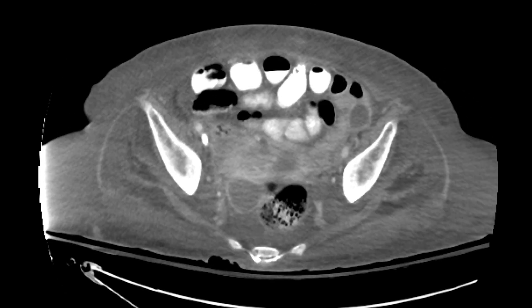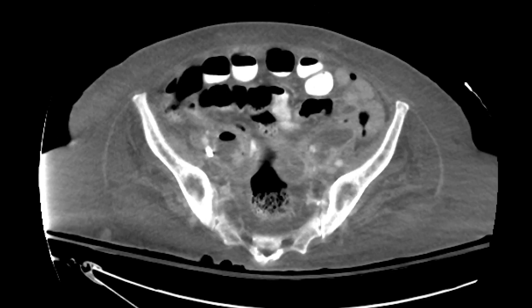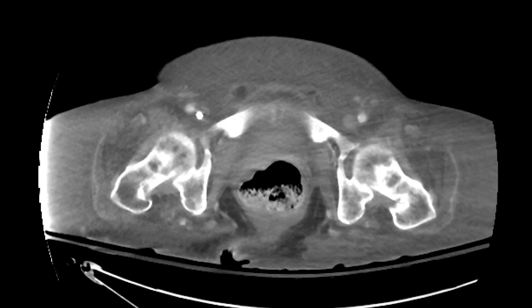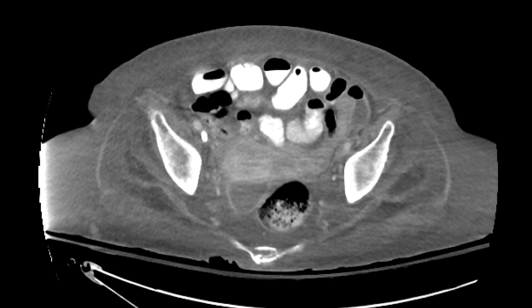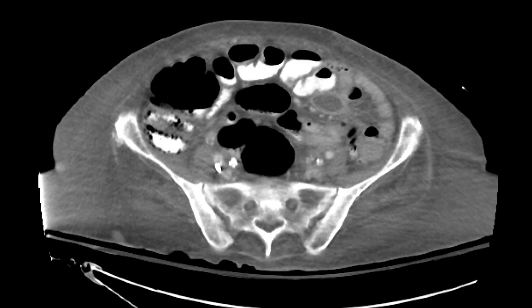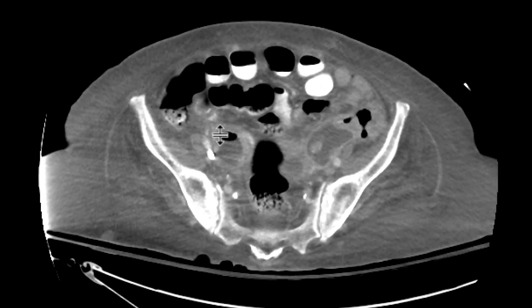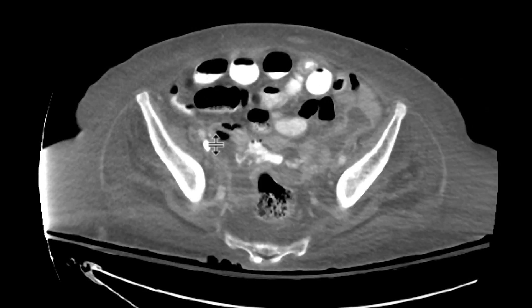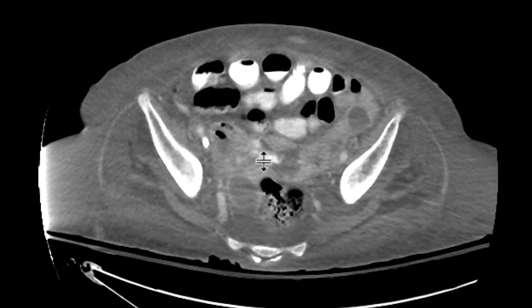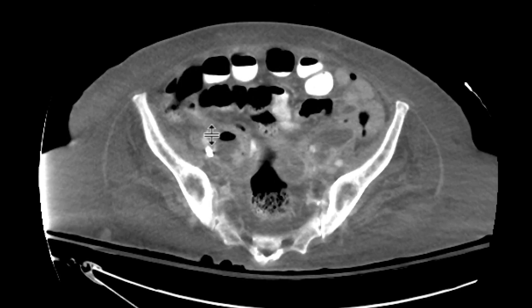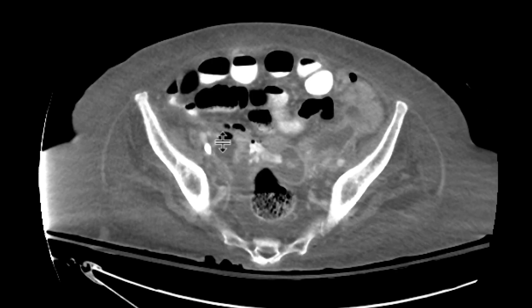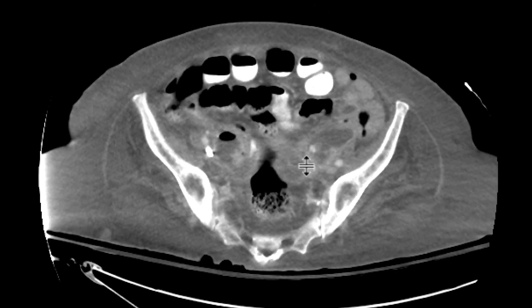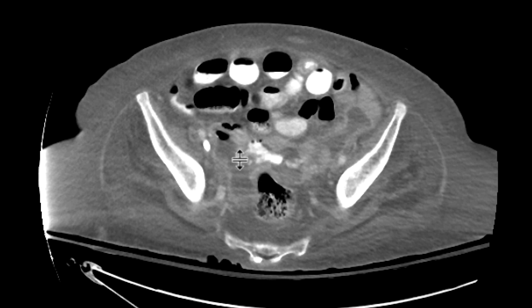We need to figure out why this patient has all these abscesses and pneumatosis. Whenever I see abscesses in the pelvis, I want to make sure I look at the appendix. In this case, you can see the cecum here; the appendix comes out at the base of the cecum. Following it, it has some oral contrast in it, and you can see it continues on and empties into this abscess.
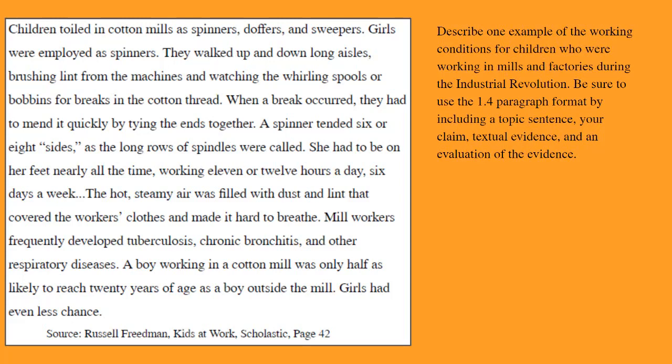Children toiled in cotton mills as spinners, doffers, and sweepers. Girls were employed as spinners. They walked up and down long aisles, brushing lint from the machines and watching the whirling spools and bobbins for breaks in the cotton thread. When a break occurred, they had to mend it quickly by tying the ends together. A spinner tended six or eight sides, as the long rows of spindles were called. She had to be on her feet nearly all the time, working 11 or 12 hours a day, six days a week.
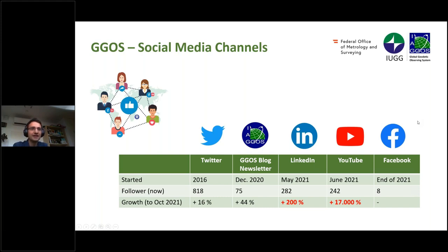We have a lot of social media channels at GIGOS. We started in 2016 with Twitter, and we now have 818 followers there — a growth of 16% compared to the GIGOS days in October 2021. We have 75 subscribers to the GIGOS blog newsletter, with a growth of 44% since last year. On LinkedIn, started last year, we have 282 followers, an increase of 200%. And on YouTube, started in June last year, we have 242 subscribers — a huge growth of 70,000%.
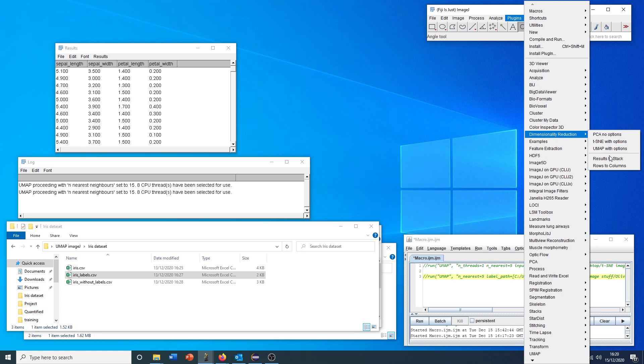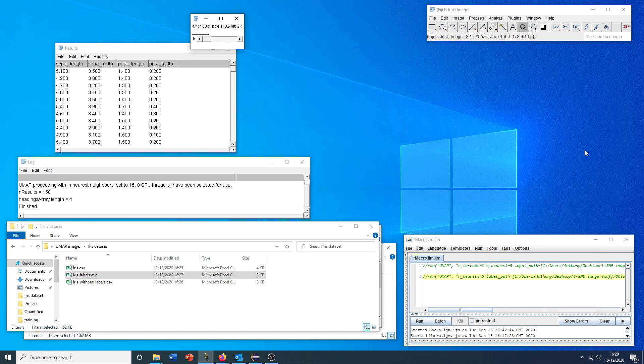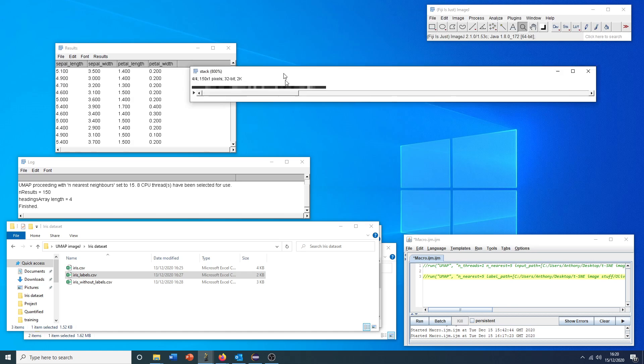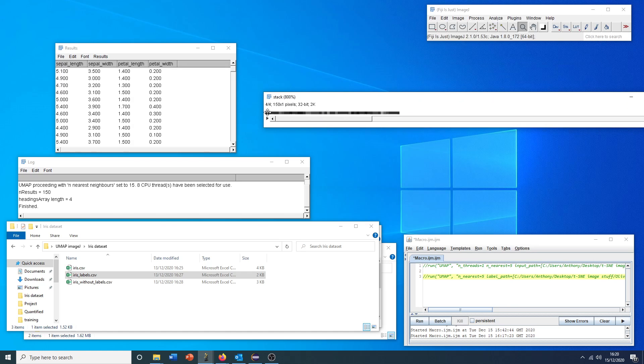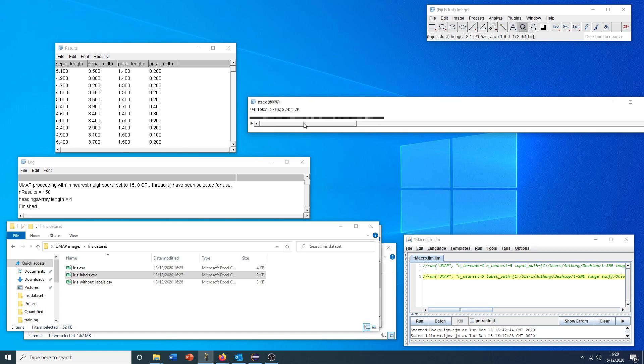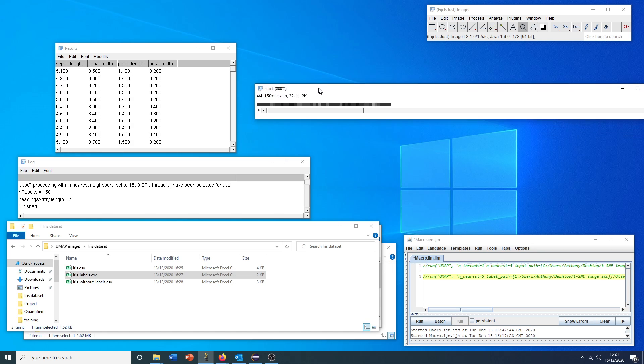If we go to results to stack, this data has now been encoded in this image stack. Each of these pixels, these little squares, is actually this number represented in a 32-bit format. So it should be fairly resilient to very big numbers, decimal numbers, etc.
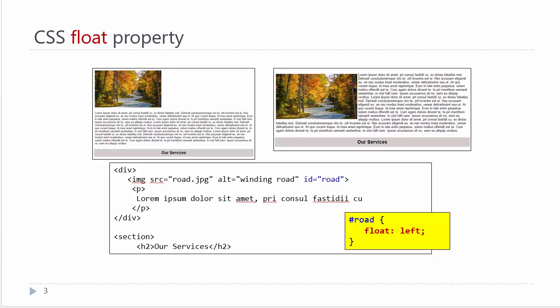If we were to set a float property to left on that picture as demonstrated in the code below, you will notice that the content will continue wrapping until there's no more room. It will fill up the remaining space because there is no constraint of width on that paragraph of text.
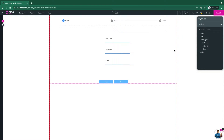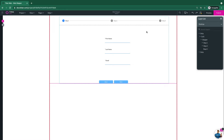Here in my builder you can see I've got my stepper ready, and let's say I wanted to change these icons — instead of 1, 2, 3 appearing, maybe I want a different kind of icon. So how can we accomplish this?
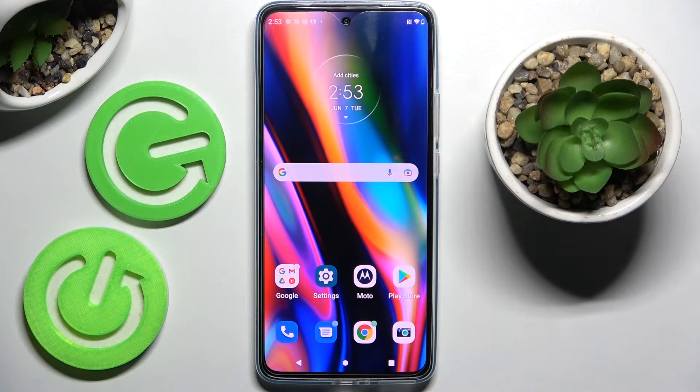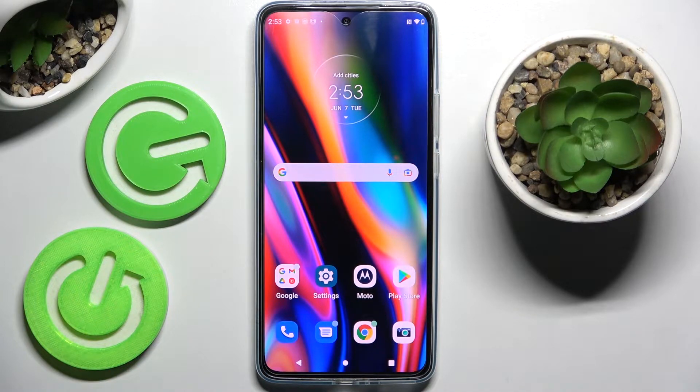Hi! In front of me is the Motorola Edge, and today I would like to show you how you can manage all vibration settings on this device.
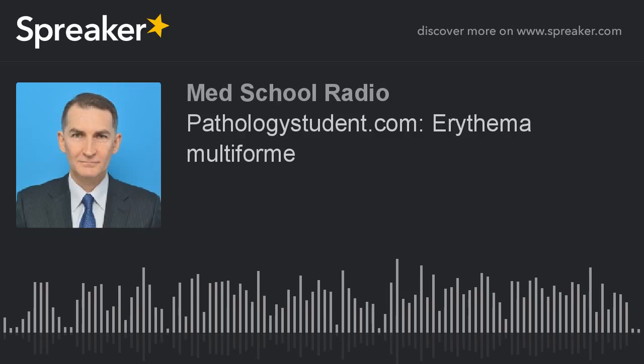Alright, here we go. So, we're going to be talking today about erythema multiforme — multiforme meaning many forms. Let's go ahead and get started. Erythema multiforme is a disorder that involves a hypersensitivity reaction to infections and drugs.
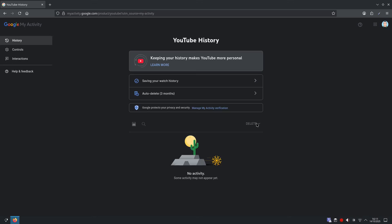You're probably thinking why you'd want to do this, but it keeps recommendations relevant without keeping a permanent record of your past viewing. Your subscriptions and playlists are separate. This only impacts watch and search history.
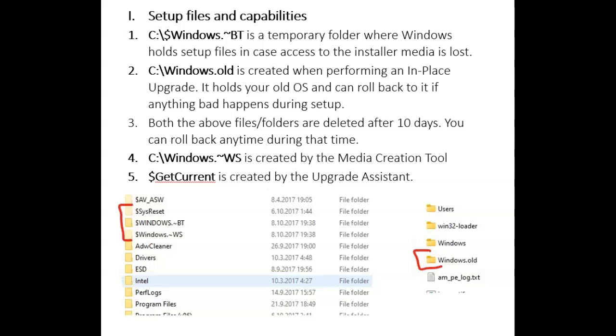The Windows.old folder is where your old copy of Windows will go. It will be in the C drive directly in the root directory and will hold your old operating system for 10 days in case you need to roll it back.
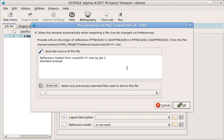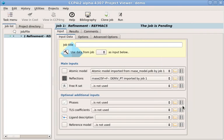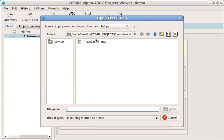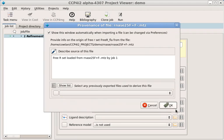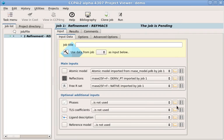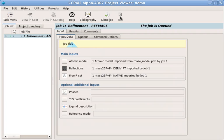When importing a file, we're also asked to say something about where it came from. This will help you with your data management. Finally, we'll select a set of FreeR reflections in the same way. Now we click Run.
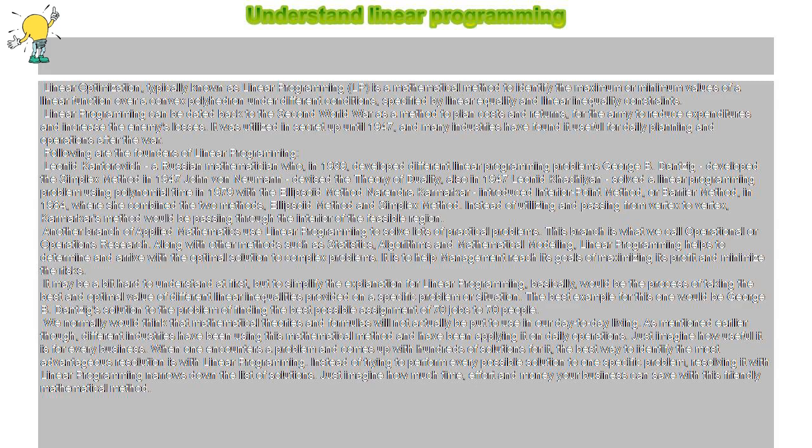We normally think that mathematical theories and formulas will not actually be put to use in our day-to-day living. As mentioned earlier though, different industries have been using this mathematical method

= Directions for this task =
When you copy the data, keep every line exact and leave out each picture.

= Output of the exercise =
We need to figure out why this patient has all these abscesses and pneumatosis. Whenever I see abscesses in the pelvis, I want to make sure I look at the appendix. In this case, you can see the cecum here; the appendix comes out at the base of the cecum. Following it, it has some oral contrast in it, and you can see it continues on and empties into this abscess.
Children toiled in cotton mills as spinners, doffers, and sweepers. Girls were employed as spinners. They walked up and down long aisles, brushing lint from the machines and watching the whirling spools and bobbins for breaks in the cotton thread. When a break occurred, they had to mend it quickly by tying the ends together. A spinner tended six or eight sides, as the long rows of spindles were called. She had to be on her feet nearly all the time, working 11 or 12 hours a day, six days a week.
We have a lot of social media channels at GIGOS. We started in 2016 with Twitter, and we now have 818 followers there — a growth of 16% compared to the GIGOS days in October 2021. We have 75 subscribers to the GIGOS blog newsletter, with a growth of 44% since last year. On LinkedIn, started last year, we have 282 followers, an increase of 200%. And on YouTube, started in June last year, we have 242 subscribers — a huge growth of 70,000%.
If we go to results to stack, this data has now been encoded in this image stack. Each of these pixels, these little squares, is actually this number represented in a 32-bit format. So it should be fairly resilient to very big numbers, decimal numbers, etc.
If we were to set a float property to left on that picture as demonstrated in the code below, you will notice that the content will continue wrapping until there's no more room. It will fill up the remaining space because there is no constraint of width on that paragraph of text.
Here in my builder you can see I've got my stepper ready, and let's say I wanted to change these icons — instead of 1, 2, 3 appearing, maybe I want a different kind of icon. So how can we accomplish this?
Hi! In front of me is the Motorola Edge, and today I would like to show you how you can manage all vibration settings on this device.
Alright, here we go. So, we're going to be talking today about erythema multiforme — multiforme meaning many forms. Let's go ahead and get started. Erythema multiforme is a disorder that involves a hypersensitivity reaction to infections and drugs.
You're probably thinking why you'd want to do this, but it keeps recommendations relevant without keeping a permanent record of your past viewing. Your subscriptions and playlists are separate. This only impacts watch and search history.
The Windows.old folder is where your old copy of Windows will go. It will be in the C drive directly in the root directory and will hold your old operating system for 10 days in case you need to roll it back.
When importing a file, we're also asked to say something about where it came from. This will help you with your data management. Finally, we'll select a set of FreeR reflections in the same way. Now we click Run.
We normally think that mathematical theories and formulas will not actually be put to use in our day-to-day living. As mentioned earlier though, different industries have been using this mathematical method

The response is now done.